• Exercise objective: All lines from the one with "Pizza Boy A Pro Download" onward, through the last line of the records below, are to be retyped word for word.

• Supplied information:

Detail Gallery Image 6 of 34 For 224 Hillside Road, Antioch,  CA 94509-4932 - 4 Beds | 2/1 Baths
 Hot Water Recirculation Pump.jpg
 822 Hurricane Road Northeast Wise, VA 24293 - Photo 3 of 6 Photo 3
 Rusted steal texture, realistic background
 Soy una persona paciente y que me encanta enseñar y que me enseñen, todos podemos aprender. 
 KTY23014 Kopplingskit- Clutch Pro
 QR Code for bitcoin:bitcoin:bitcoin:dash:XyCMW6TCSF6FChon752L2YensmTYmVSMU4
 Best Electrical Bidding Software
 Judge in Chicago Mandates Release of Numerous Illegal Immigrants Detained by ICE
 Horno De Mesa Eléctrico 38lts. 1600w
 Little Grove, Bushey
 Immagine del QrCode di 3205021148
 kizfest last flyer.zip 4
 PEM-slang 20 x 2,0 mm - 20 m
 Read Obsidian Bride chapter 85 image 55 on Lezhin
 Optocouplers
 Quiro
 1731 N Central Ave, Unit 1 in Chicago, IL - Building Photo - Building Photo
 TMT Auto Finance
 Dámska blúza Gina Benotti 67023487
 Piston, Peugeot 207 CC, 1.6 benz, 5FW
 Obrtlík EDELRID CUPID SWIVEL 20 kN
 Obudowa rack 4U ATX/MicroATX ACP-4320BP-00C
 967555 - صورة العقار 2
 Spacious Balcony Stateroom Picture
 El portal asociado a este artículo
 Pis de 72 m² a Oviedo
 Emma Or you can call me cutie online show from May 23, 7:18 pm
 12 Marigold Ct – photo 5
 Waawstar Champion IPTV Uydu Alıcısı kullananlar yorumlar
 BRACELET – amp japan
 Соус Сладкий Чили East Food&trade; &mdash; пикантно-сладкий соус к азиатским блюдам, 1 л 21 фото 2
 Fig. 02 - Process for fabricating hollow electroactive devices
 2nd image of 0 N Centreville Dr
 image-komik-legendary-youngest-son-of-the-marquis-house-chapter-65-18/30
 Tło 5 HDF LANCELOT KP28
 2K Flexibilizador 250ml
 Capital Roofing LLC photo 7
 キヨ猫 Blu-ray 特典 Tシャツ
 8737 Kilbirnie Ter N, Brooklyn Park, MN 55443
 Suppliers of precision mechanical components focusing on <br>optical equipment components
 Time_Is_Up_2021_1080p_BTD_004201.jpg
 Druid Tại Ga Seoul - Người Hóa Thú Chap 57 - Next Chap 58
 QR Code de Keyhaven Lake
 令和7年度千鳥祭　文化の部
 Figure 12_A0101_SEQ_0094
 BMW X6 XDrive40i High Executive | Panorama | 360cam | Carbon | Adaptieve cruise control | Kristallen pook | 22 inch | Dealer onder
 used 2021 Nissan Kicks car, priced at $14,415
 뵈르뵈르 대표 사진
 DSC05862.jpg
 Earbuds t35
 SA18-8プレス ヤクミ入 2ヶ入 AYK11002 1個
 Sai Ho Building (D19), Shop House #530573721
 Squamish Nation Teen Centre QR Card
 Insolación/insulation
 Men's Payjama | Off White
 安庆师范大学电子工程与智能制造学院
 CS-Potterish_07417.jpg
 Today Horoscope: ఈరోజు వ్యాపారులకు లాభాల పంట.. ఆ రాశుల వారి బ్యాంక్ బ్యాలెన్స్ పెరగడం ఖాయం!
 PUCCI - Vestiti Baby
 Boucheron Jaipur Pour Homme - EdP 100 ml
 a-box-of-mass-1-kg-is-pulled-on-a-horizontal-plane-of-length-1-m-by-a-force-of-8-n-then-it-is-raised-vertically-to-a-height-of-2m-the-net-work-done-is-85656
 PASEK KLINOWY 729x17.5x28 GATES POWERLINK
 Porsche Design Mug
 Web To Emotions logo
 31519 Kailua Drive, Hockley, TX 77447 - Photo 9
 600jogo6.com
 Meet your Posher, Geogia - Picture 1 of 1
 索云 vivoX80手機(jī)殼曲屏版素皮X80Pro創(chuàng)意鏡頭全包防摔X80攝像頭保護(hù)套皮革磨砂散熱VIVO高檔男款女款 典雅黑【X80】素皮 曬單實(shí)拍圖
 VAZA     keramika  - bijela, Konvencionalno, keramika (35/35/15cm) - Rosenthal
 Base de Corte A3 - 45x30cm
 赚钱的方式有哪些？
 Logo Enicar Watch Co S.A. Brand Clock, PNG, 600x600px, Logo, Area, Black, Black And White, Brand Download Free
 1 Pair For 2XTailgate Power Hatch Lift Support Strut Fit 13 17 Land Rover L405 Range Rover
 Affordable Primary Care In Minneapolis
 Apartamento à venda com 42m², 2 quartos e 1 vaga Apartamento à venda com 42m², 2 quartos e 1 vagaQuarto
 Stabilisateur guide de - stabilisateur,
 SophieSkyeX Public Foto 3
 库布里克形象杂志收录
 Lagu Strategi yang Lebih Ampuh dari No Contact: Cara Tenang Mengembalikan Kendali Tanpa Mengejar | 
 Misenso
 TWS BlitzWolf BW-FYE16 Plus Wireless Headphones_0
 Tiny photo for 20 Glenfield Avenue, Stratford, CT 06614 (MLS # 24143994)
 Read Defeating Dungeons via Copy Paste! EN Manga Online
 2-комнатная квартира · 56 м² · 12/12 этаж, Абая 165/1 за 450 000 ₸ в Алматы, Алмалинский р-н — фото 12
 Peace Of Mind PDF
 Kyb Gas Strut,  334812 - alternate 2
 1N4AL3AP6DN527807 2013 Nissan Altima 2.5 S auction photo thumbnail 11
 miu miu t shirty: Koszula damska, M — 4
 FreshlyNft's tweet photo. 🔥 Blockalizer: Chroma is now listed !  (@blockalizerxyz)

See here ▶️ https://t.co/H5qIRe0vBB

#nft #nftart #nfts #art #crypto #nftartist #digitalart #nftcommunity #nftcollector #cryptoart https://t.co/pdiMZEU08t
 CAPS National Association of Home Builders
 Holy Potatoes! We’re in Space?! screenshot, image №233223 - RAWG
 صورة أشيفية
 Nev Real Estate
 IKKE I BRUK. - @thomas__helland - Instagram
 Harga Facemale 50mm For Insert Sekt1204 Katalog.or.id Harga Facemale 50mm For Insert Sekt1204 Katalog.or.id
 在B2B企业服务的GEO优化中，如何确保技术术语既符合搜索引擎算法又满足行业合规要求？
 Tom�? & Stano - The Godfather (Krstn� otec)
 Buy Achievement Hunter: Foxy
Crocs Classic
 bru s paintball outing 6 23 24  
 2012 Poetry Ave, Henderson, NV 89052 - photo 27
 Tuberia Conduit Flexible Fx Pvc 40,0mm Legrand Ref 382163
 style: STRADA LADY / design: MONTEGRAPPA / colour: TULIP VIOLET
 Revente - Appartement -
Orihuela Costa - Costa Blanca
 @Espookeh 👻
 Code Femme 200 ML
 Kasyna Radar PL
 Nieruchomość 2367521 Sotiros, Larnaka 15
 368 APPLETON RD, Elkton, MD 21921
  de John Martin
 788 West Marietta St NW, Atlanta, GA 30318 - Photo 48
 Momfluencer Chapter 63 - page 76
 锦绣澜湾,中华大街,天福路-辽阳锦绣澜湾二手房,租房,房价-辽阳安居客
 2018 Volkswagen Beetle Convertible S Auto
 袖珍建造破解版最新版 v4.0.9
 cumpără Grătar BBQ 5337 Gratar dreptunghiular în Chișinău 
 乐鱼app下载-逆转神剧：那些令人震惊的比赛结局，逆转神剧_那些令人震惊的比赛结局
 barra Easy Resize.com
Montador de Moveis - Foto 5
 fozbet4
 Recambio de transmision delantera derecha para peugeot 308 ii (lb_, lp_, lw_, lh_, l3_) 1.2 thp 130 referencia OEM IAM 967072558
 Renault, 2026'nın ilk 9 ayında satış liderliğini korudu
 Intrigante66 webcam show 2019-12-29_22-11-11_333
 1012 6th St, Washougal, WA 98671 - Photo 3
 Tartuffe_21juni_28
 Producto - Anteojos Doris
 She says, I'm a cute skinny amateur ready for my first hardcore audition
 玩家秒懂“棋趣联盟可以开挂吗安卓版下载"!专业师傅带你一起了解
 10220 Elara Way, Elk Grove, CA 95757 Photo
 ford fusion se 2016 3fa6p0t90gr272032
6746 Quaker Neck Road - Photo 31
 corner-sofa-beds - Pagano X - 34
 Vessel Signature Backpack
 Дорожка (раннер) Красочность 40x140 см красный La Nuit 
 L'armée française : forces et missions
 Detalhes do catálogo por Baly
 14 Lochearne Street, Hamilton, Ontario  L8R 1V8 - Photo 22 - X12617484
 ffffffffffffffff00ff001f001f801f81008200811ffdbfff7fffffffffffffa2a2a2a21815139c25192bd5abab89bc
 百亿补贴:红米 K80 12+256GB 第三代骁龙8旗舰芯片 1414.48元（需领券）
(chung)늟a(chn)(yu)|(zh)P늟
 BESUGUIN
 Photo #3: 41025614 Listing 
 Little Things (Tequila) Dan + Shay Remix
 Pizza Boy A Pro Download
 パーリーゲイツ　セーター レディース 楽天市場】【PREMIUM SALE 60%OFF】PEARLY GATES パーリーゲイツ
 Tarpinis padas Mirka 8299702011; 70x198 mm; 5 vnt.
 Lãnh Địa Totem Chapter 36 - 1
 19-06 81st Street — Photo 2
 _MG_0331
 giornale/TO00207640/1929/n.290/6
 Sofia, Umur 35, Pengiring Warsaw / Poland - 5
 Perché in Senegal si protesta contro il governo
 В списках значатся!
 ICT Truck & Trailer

• Finished task:
 Pizza Boy A Pro Download
 パーリーゲイツ　セーター レディース 楽天市場】【PREMIUM SALE 60%OFF】PEARLY GATES パーリーゲイツ
 Tarpinis padas Mirka 8299702011; 70x198 mm; 5 vnt.
 Lãnh Địa Totem Chapter 36 - 1
 19-06 81st Street — Photo 2
 _MG_0331
 giornale/TO00207640/1929/n.290/6
 Sofia, Umur 35, Pengiring Warsaw / Poland - 5
 Perché in Senegal si protesta contro il governo
 В списках значатся!
 ICT Truck & Trailer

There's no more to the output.